しかし、僕のような延期や中止を望む声は聞き入れられず、「ほぼ無観客」という形でオリンピックは開催されることになりました。

さて、ここからが本題です。

オリンピックへ向けて世の中が一気に動き出し、延期や中止はもうあり得ないという状況になって、僕の心は揺れ動きました。

コロナ禍でのオリンピック開催、そしてそれを強行した政府やIOCには、間違いなく疑問がある。

でもその一方で、オリンピックが開催されるからには、無事に成功してほしいという思いがある。そしてなにより、そのオリンピックを自分の目で見届けたいという気持ちもある。

なぜなら、それは開催が決まった8年前の秋の日から、ずっとずっと楽しみにしてきた、あの「夢」の東京オリンピックなのだから。

当たり前ながら、開催に疑問を抱いた数ヶ月間よりも、開催が楽しみで仕方なかった約7年間の方が、はるかに長い年月です。

そしてどちらの日々も、決して無駄にしたくない、「東京オリンピックまでの日々」であることに変わりはありません。

その東京オリンピックが開催されたいま、自分はどういう選択をすべきなのか。

少しでも開催に疑問があるなら観るべきではない、という考え方もあるでしょう。でもそれなら、開催を心待ちにしてきた7年もの日々はいったいなんだったんだろう、ということになります。
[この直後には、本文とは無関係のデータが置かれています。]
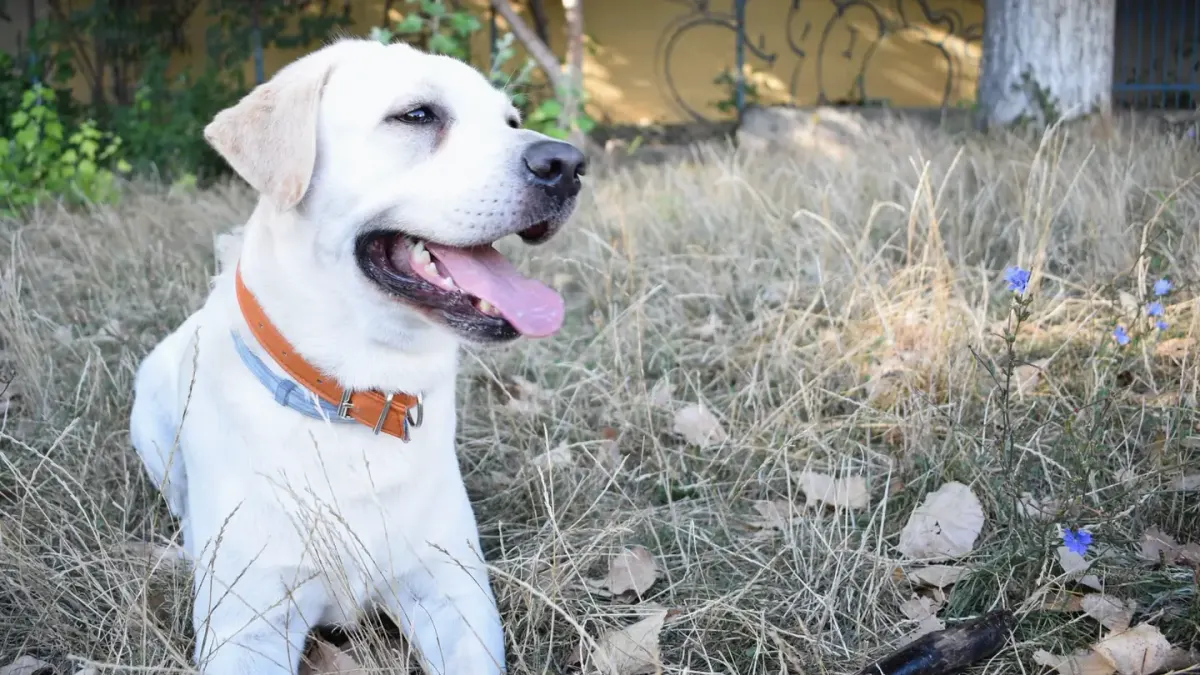 Labrador retriever outdoors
もしもオリンピックが延期や中止になっていたら、「東京オリンピックまでの日々」はまた未来へ続いていったのかもしれません。

けれど、こうして開催されたことで、「東京オリンピックまでの日々」がいま終わろうとしているのです。そしてもうすぐ、「東京オリンピックからの日々」が始まろうとしているのです。

そうであるならば、いま自分がすべきことは、この東京オリンピックの成功を願いながら、それをしっかりと自分の目で見届けること。それだけではないか、と思っています。

「東京オリンピックまでの日々」にピリオドを打ち、「東京オリンピックからの日々」の1ページ目を捲るためにも。

きっと今回の東京オリンピック、僕と同じように、複雑な気持ちを抱きながら見守っている人は多いはずです。

開催に賛成だった人も、日々の感染者が増えている状況に、一抹の不安を覚えているかもしれない。あるいは反対だった人は、意外に楽しくテレビ観戦を楽しんでいる自分に、戸惑いや罪悪感があるかもしれない。

でも、と思うのです。そういう矛盾を抱えてるからこそ、人は魅力的なんじゃないか、と。

それは確かに「手のひら返し」なのかもしれない。でも僕は、頑なに手のひらを返さない人よりも、ときに思わず手のひらを返してしまう人の方に、より自然なものを感じます。

たぶん大切なのは、賛成だったとか反対だったとかではなく、テレビの向こうにいま流れるオリンピックの光景に、自分の「心」がどう動くのか。ただそれだけだと思うのです。